# Wall Panels.



## Epoxy Pro (Oct 7, 2012)

We re installed these wall panels today. Recycled paper product. They were installed with the factory double sided tape and wouldn't stay up. We ended up grabbing some sizing and wall paper glue. We applied the sizing to the walls and back of the panels, let them sit for a couple of hours and started the glue.

It was easy since the carpenter marked it out and we used his marks. No way could you get this straight without a laser level.

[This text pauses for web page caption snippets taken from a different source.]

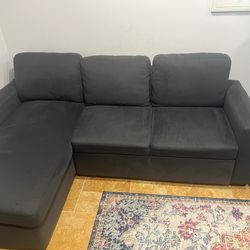 Roseshire 92.5 in. Straight Arm 1 piece L Shaped Sectional Sleeper Sofa in Dark Grey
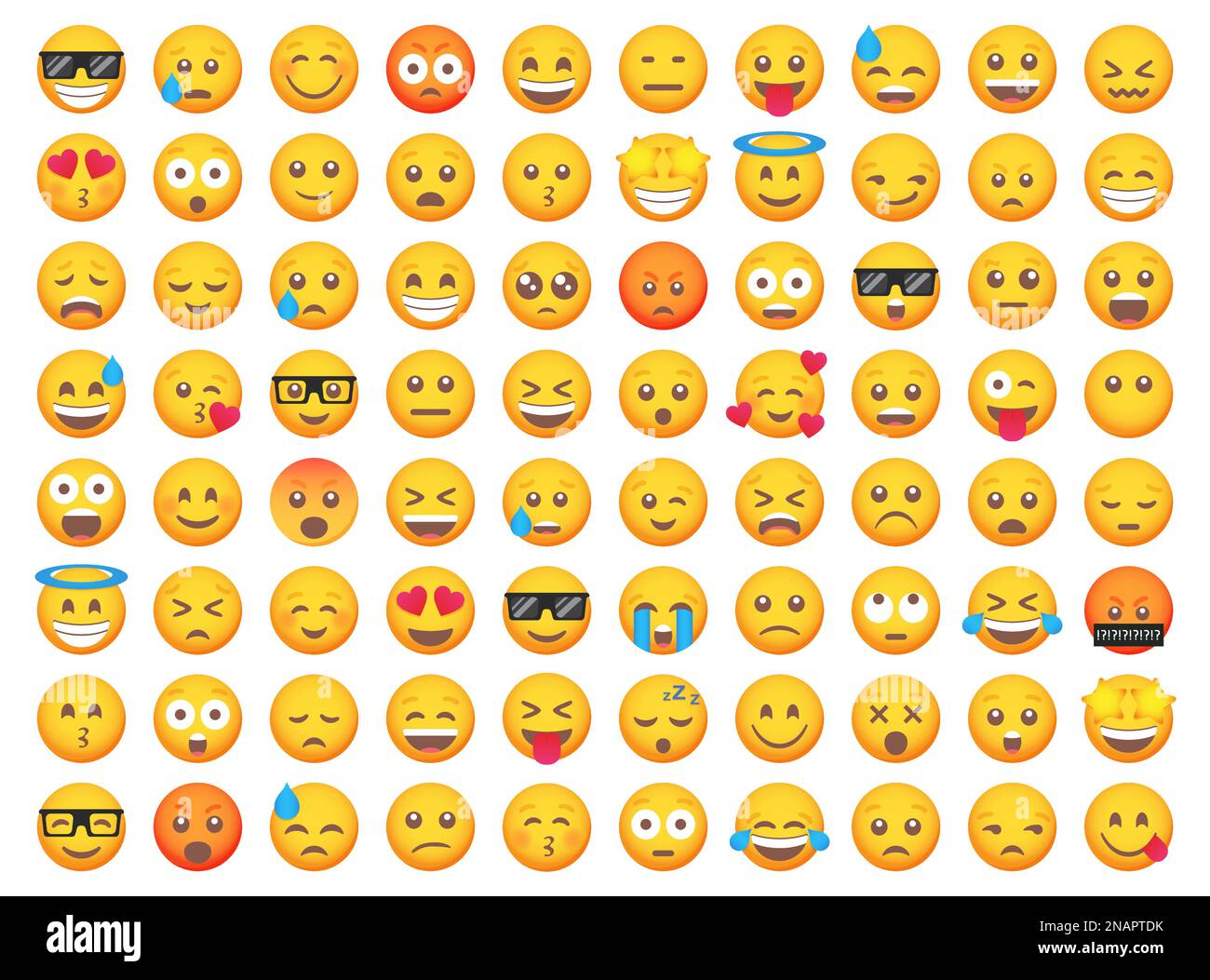 Grand ensemble d'icônes émoticônes sourires. Ensemble cartoon emoji. Ensemble d'émoticônes vectorielles Illustration de Vecteur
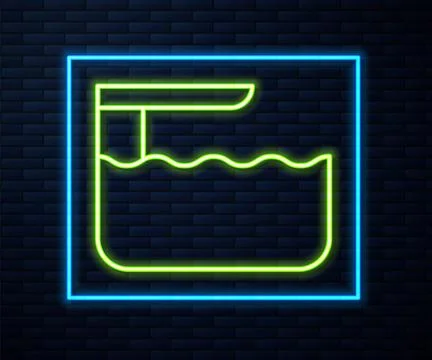 Glowing neon line Diving board or springboard icon isolated on brick wall b.. Stock Illustration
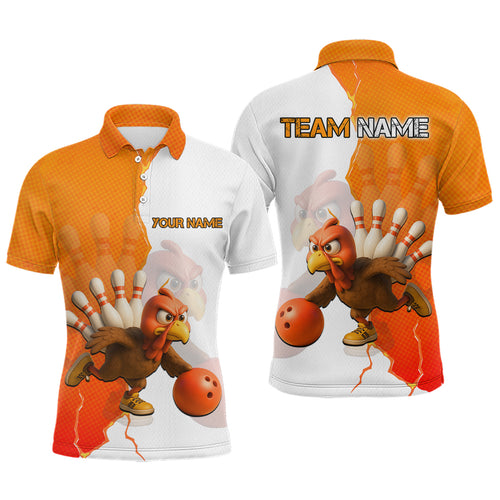 Custom Turkey Bowling Shirts for Women Men Team Orange Bowling Jerseys Thanksgiving MBL178
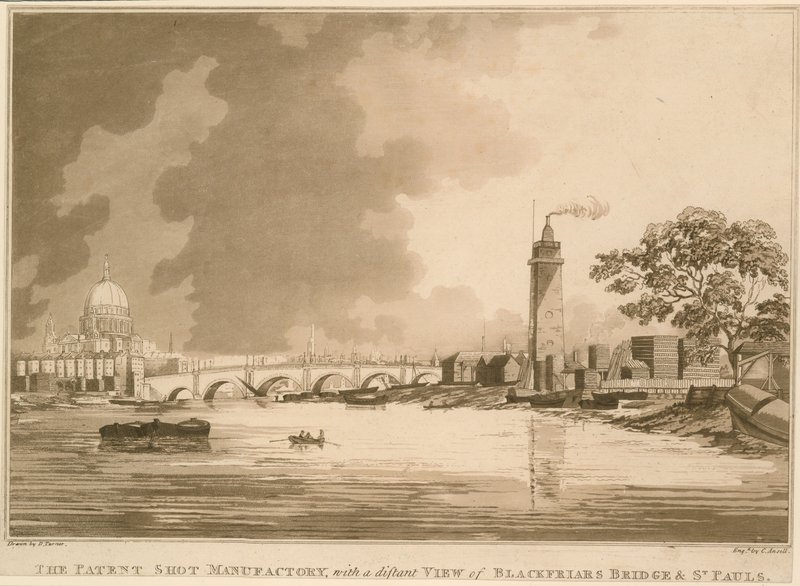 The Patent Shot Manufactury, med en fjern udsigt over Blackfriars Bridge og St Pauls, London af English School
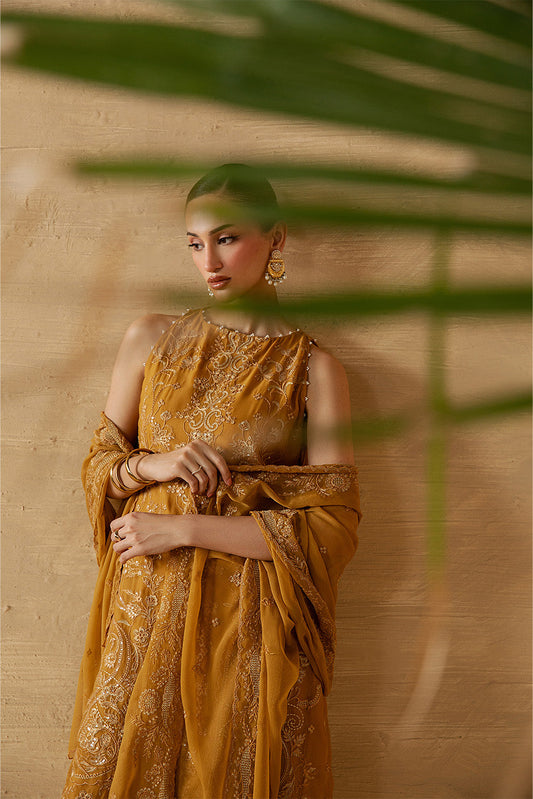 4 PIECE EMBROIDERED CHIFFON SUIT-GOLD SECRET (LUXURY UNSTITCHED)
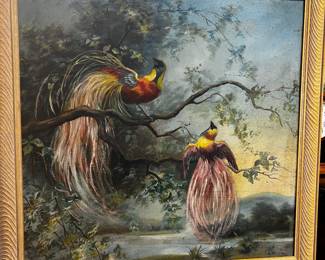 Vintage Painting Old World Birds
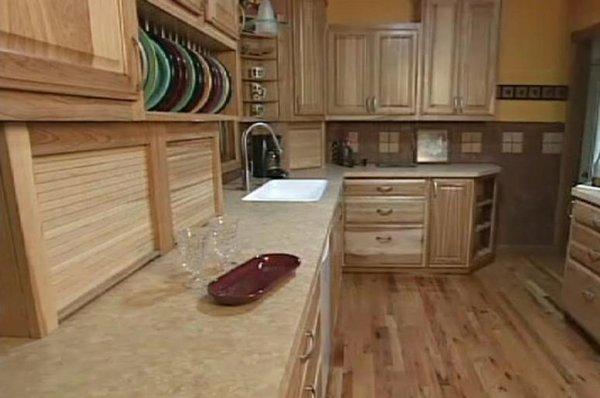 Hickory Cabinets and Flooring in a Post-War Colonial Kitchen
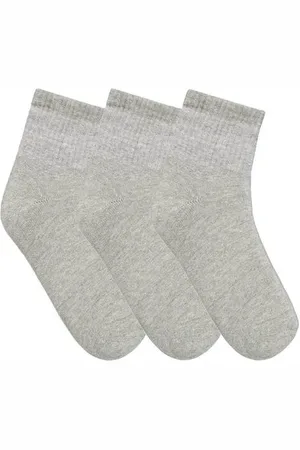 STZ Kit Meia Cano Médio 3 Pares 39-43 Canelada Cinza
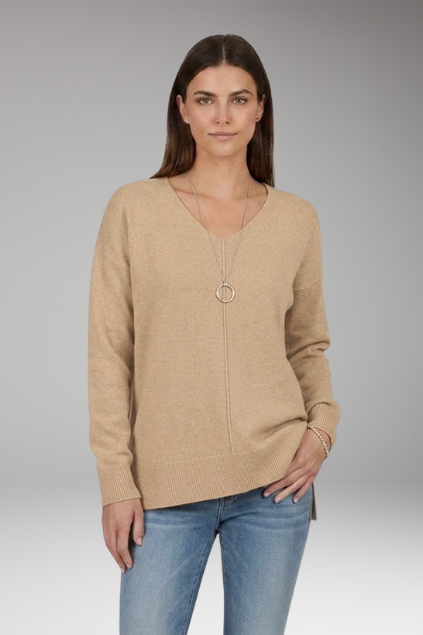 Alina | Pull en maille à col en V pour femme
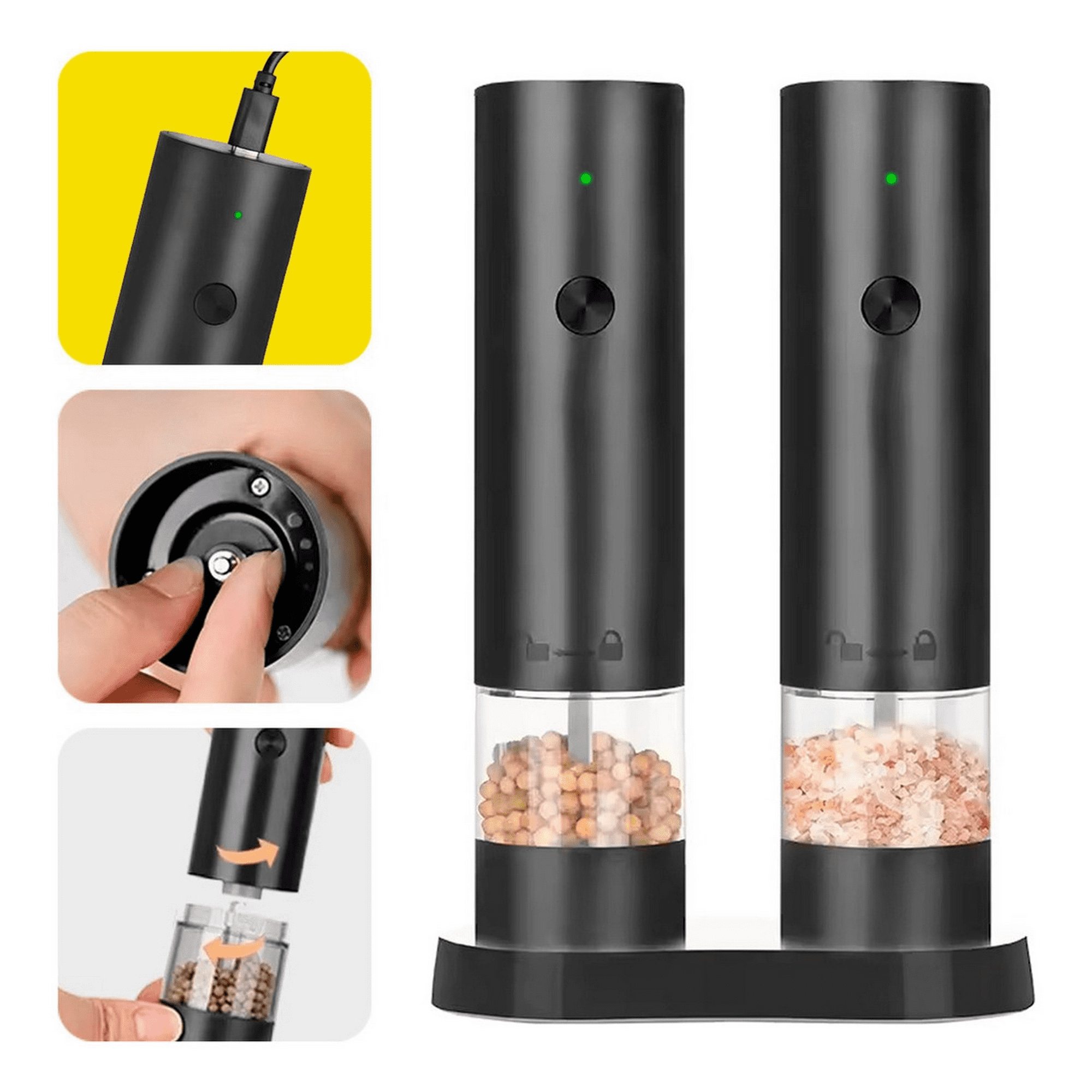 Genérico - Set Molinillo Sal Y Pimienta Eléctrico Con Base Usb C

Tomorrow or Monday we will paint it with Behr Marquee flat in that Pantone PMS 375 color.


----------



## SemiproJohn (Jul 29, 2013)

Are you going to spray them?


----------



## chrisn (Jul 15, 2007)

wall paperGLUE really??????


----------



## Epoxy Pro (Oct 7, 2012)

SemiproJohn said:


> Are you going to spray them?


Yes. I wish we could have sprayed a coat on them first.



chrisn said:


> wall paperGLUE really??????


Paste didn't hold these up either. Since it's a formed paper product most were warped one way or another and glue was the only cure. I did consult 4 different wallpaper stores and the all said to ask one store owner who spent 45 mins with us figuring out the best stuff to use. So far no one has seen these or heard of them around here.


----------



## fauxlynn (Apr 28, 2011)

Very cool,Dave.


----------